Task objective
Print, exactly as they stand, the lines below from the one that has "Cleaner preparing a" to the one that has "Visiace strieborné náušnice", inclusive, leaving out the pictures.

Provided information
####################
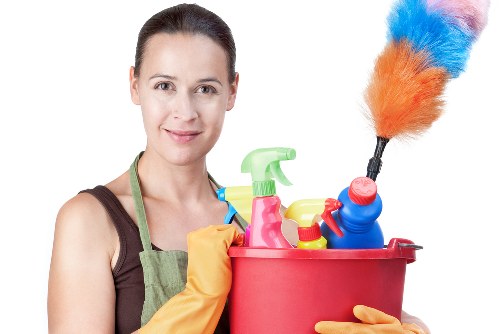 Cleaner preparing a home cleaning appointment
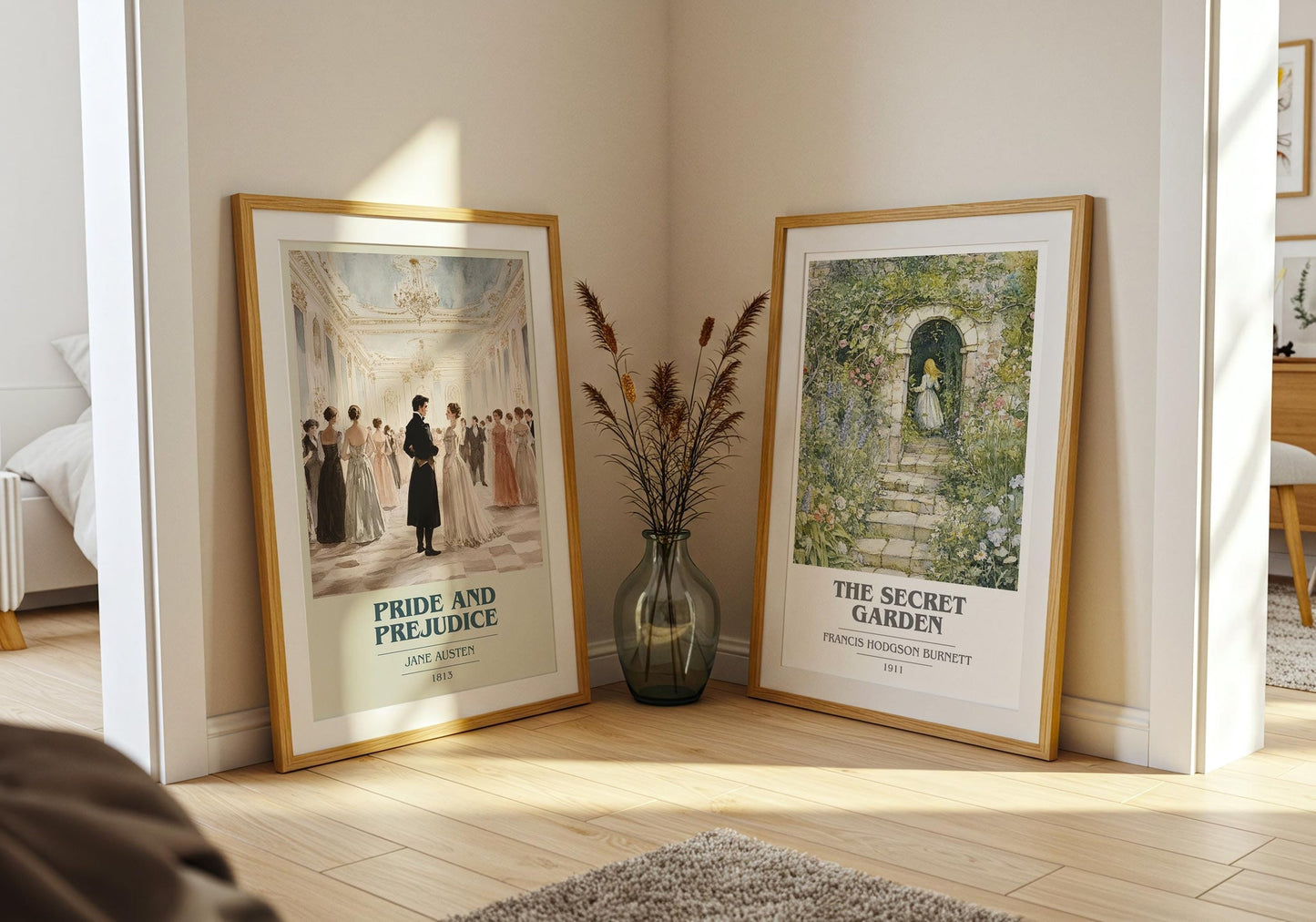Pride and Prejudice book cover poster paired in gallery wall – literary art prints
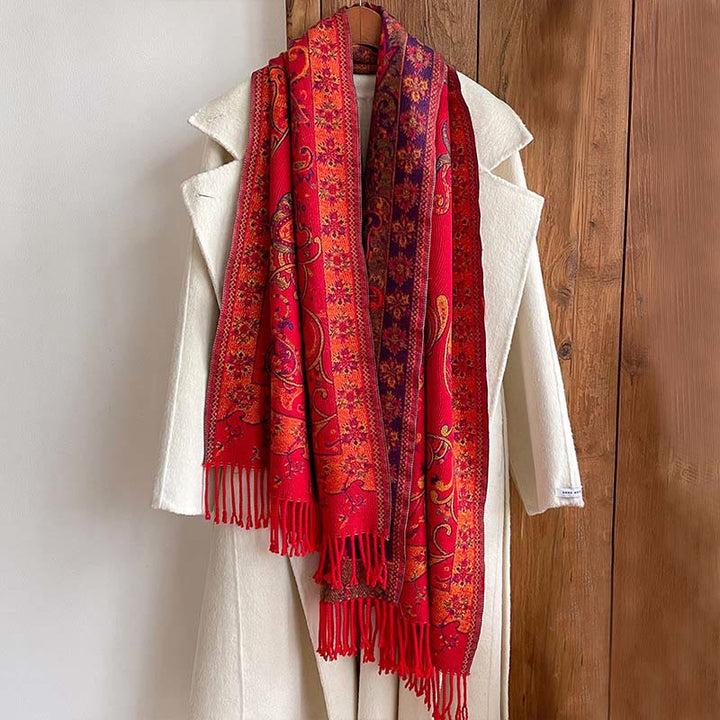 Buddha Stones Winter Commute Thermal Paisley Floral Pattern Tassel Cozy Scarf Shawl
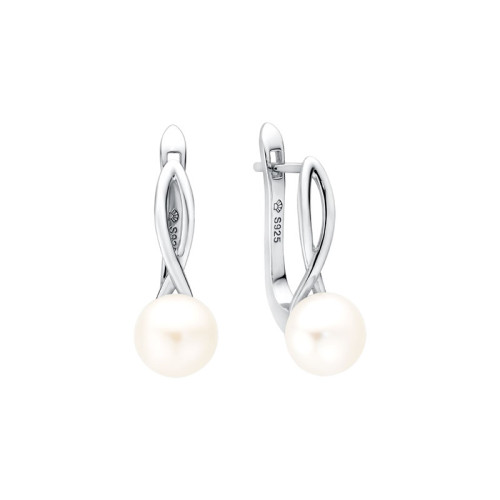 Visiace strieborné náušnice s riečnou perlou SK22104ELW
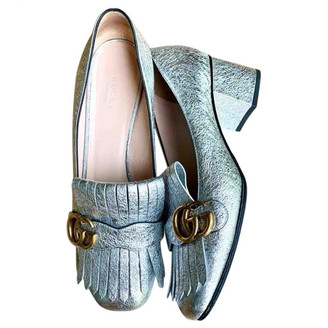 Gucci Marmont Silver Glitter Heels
####################
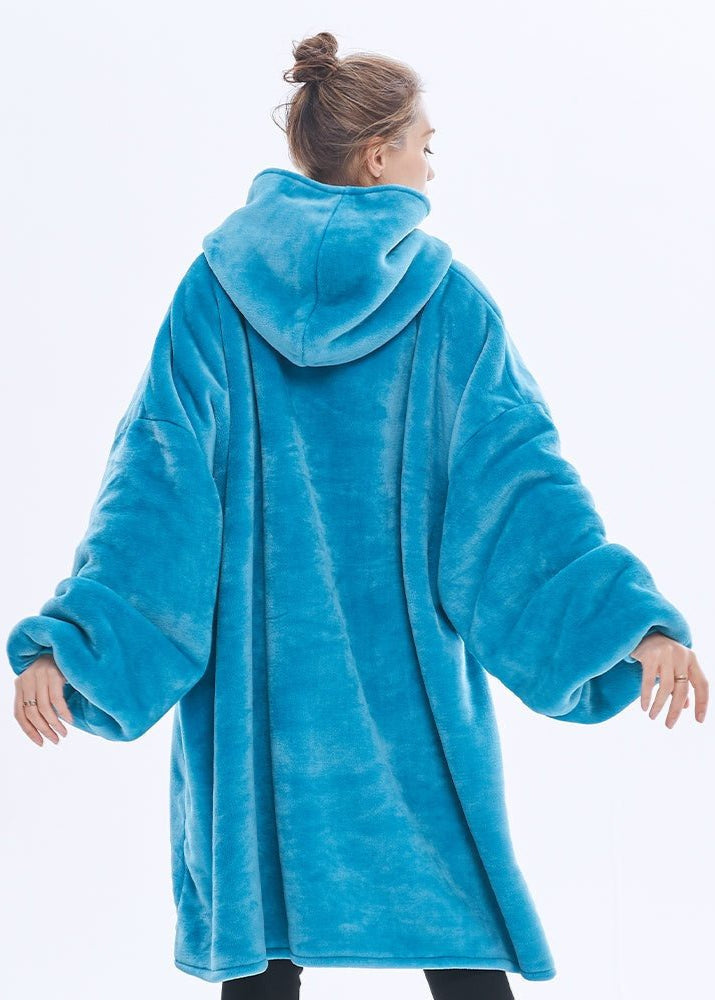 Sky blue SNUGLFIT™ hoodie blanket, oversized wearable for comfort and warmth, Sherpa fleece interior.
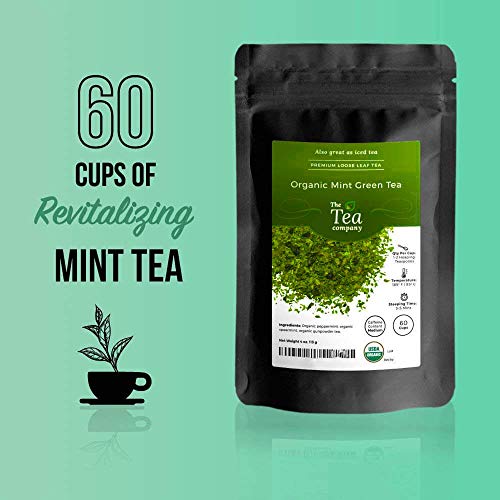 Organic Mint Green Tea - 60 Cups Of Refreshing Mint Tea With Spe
####################
Answer space
 Cleaner preparing a home cleaning appointment
Pride and Prejudice book cover poster paired in gallery wall – literary art prints
 Buddha Stones Winter Commute Thermal Paisley Floral Pattern Tassel Cozy Scarf Shawl
 Visiace strieborné náušnice s riečnou perlou SK22104ELW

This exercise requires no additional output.